Por una vez, celebremos la buena nueva. Tras quinquenios de bronca letal, que incluyó siete procesos de vacancia y una disolución, el Congreso le está dando gobernabilidad al Ejecutivo. De vez en cuando, hay una interpelación, una ley aprobada por insistencia, una disonancia; pero prima la paz en las alturas. Si algo sorbe el seso de la presidenta Dina Boluarte y del primer ministro Alberto Otárola, no es el Congreso.
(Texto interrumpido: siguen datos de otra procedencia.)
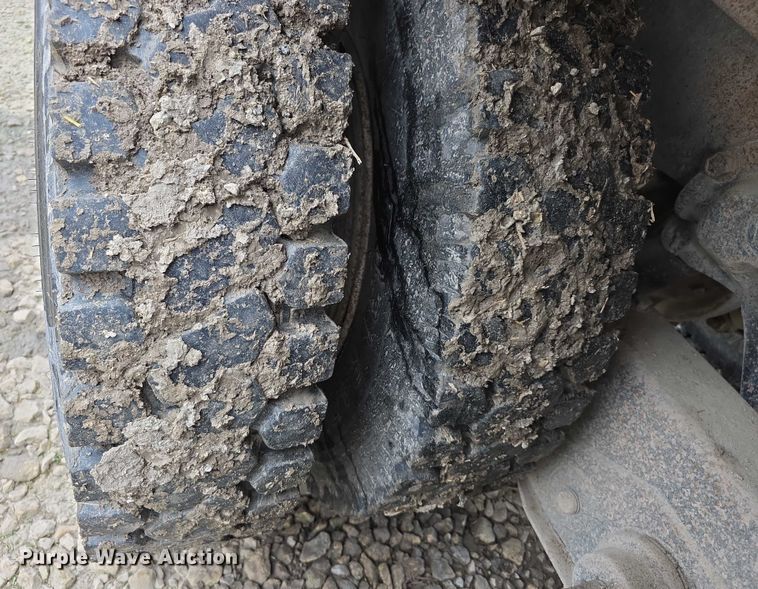 image for item EF3769 1991 Ford L8000 grain truck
Las mayores amenazas a la gobernabilidad ya no vienen ni de la izquierda ni de la derecha congresal, sino de la calle y del extranjero que cuestiona abusos contra los derechos humanos. Entre diciembre y enero fue la mayoría congresal la que, en lugar de complicarle la vida, le dio aliento al Ejecutivo para que no se dejara vencer por las protestas. Irónicamente, a inicios de año, el Ejecutivo parecía más decidido que el Congreso a adelantar las elecciones. Recuerden que hasta presentó un proyecto para que estas fuesen el 2023 y no el 2024. En realidad, con esa apuesta, el Gobierno estaba poniendo a prueba la disposición del Congreso a respaldarlo. Lo que quería demostrar quedó demostrado.
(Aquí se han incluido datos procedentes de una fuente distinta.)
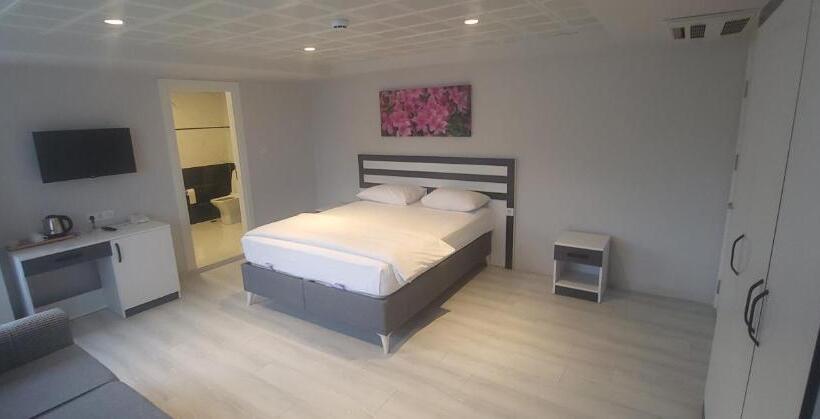 スタンダードルーム, Meydan Buti̇k Otel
¿Cómo cuestionar que hayamos pasado a una fase armónica entre los dos principales poderes de la nación? ¿Extrañan las broncas de PPK con la mayoría absoluta fujimorista, las de Vizcarra que llevaron a la disolución de un Congreso y a su vacancia por el que lo reemplazó, o las de Castillo con el bloque de derecha? Yo no las extraño, ¿usted? Lo que nos preocupa y arrebata es que el Congreso legisle con intereses subalternos, se lance contra reformas que han costado quinquenios de labor tecnocrática y se corrompa con ‘Niños’ y ‘mochasueldos’.
En resumen preliminar: no esperemos ni exijamos que el Ejecutivo sea el principal contendor de los defectos del Legislativo. En nuestro nuevo balance de poderes, podemos esperar más del Ministerio Público, del Tribunal Constitucional, de la procuraduría y de la contraloría (por cierto, entre la perversidad congresal hay proyectos para que sea el Congreso quien nombre a las cabezas de estos dos últimos entes). ¿De qué forma? Pues pidiéndoles que hagan una interpretación restrictiva de la inmunidad parlamentaria. Según la ley, esta solo existe para delitos no comunes; o sea, asociados a la función parlamentaria.
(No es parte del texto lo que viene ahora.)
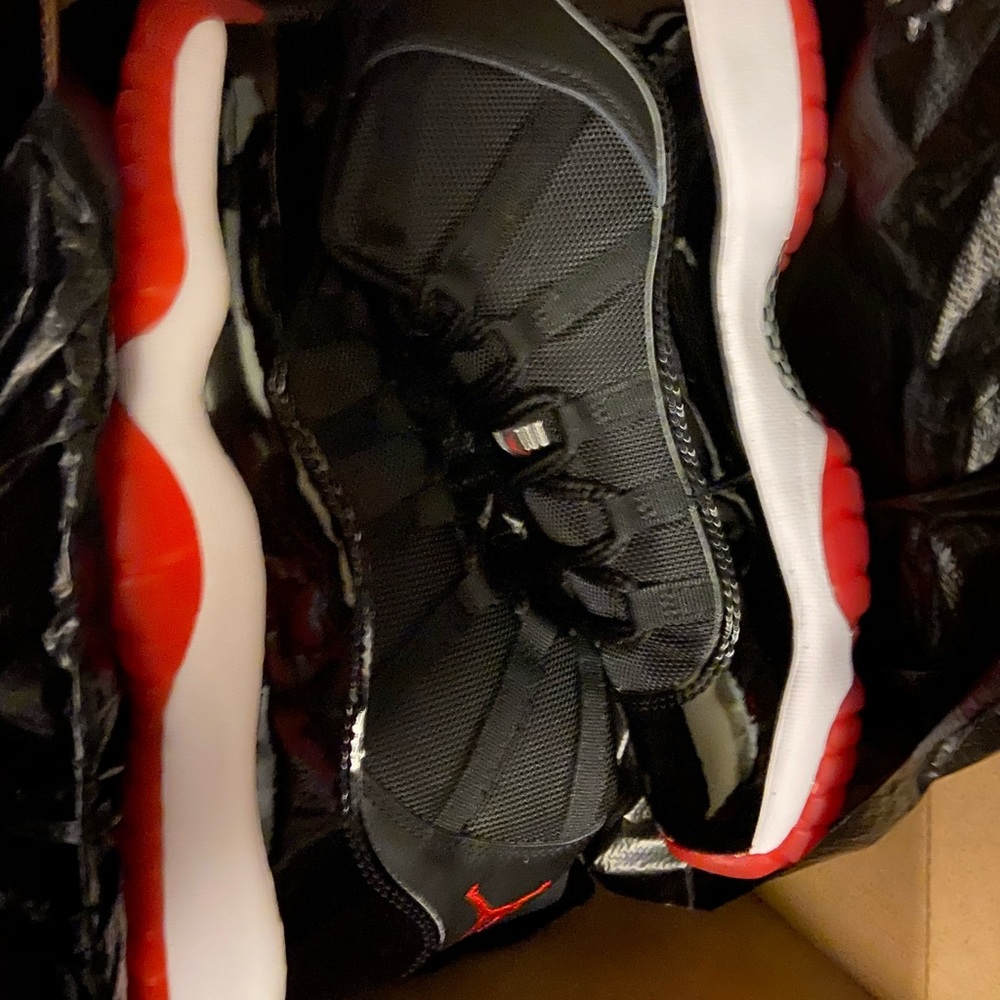 Jordan Bred 11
Con una lógica perversa, los congresistas pillados en tropelías buscan que se interprete que todo delito cometido con rasgos asociados a su condición de legisladores se considere “de función”. El colmo fue que, a Freddy Díaz, imputado de asalto sexual, se le respetó el derecho al antejuicio, ¡porque la víctima trabajaba en su despacho y el acto se produjo en una oficina congresal!
Calle, academia, medios y sociedad civil organizada tenemos que presionar para que la fiscalía y los entes mencionados procesen a los congresistas zamarros aplicando un criterio menos generoso de su inmunidad.